Moniaive railway station is the closed station terminus of the Cairn Valley Light Railway (CVR) branch, from Dumfries.  It served the rural area of Moniaive in Dumfries and Galloway, Scotland.

History 

The official opening day was 28 February 1905, accompanied by much local celebration, the first train of six corridor coaches being hauled by a Manson 4-4-0, Number 190. The journey to Dumfries took an hour and cost 2s. 6d. return fare. Archibald Wilkie from Kirkconnel station was Moniaive's first station master, replaced by George MacDonald whose last charge had been Ruthwell station.
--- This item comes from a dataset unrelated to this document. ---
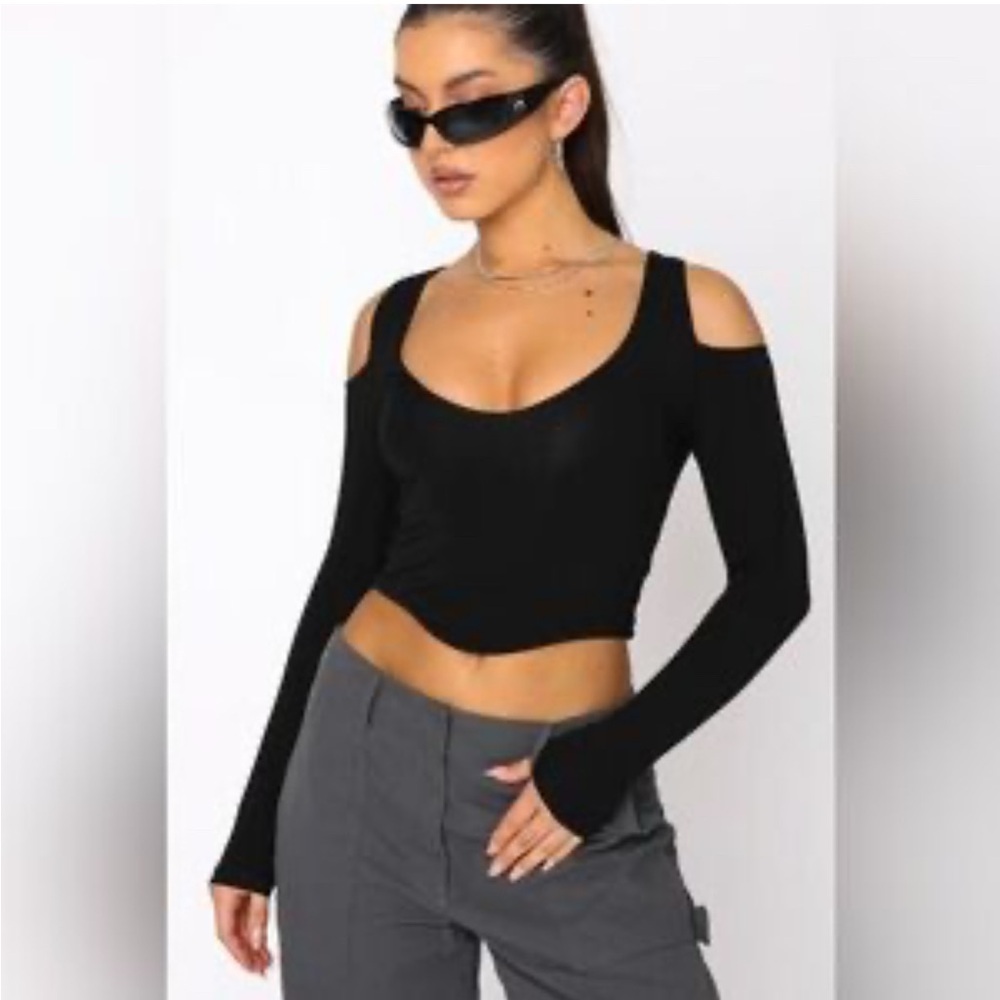 White Fox Black Cold Shoulder Top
From 1906 to 1907 a bus ran from Thornhill to Moniaive to cater for prospective passengers, however it was not a success.
The CVR was nominally independent, but was in reality controlled by the Glasgow and South Western Railway. The line was closed to passengers on 3 May 1943, during WW2 and to freight in 1949 on 4 July, and the track lifted in 1953. 1947 is also quoted as a date of complete closure. Moniaive had been one of the last places in Scotland to be connected to the railway network.
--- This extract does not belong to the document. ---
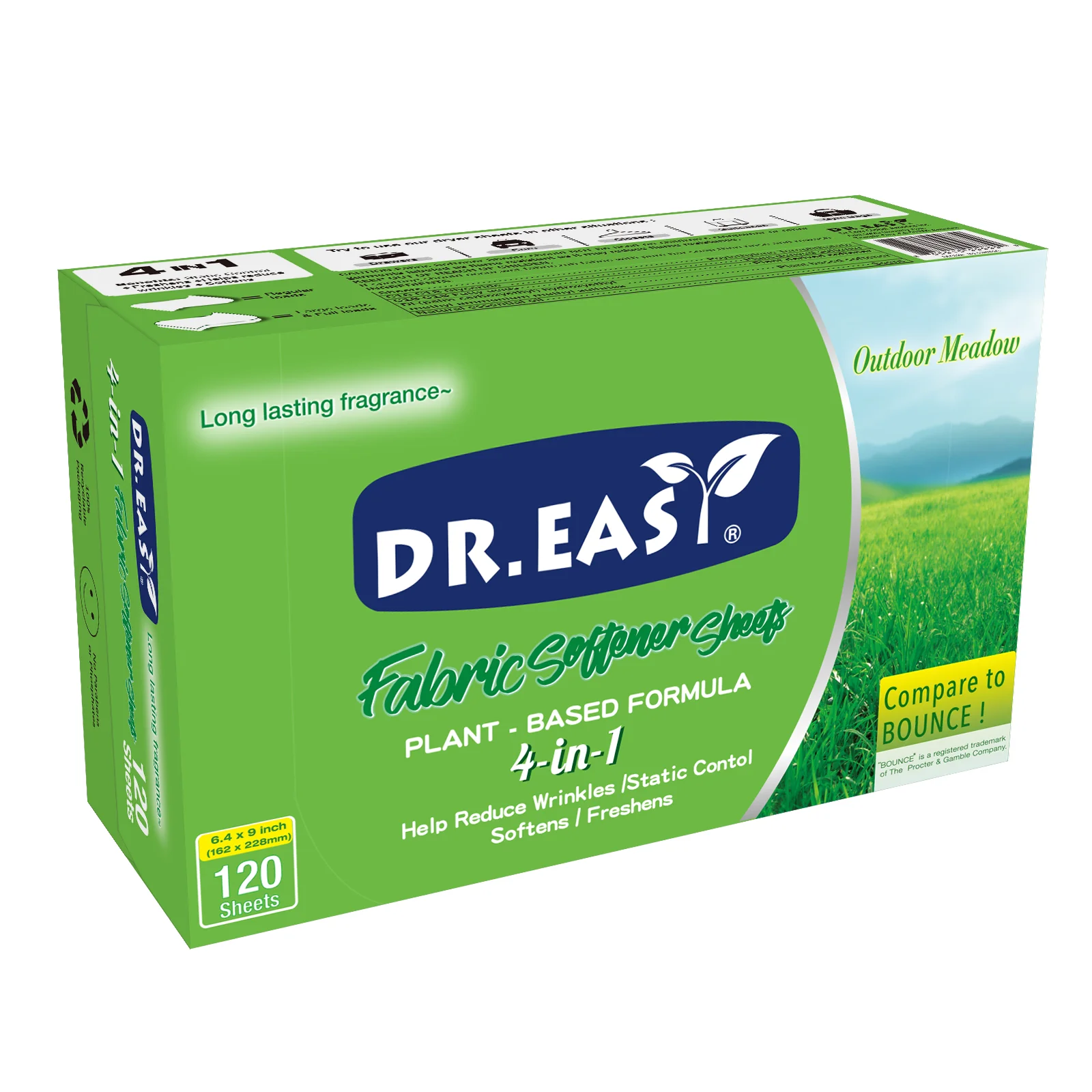 Free Sample 4-in-1 Plant Based Eco-Friendly Mega Dryer Sheets Lasting Fragrance Laundry Fabric Softener Sheets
Home and starting banner signals were used, electrically controlled, for each direction.
Trains were, at that time uniquely, controlled by a development of the Syke's 'lock and block' system whereby the trains operated treadles on the single line to interact with the block instruments.

The station building was extended to provide the station master with his own office in October 1916.

During WW2 large numbers of Norwegian troops travelled to and from Moniaive whilst encamped nearby.

In 1921 the Moniaive engine shed was closed and from that point the first train of the day ran from Dumfries.

In 2014 a proposal was put forward to relocate the station building to the Scottish Railway Preservation Society's Manuel station on the Bo'ness and Kinneil line.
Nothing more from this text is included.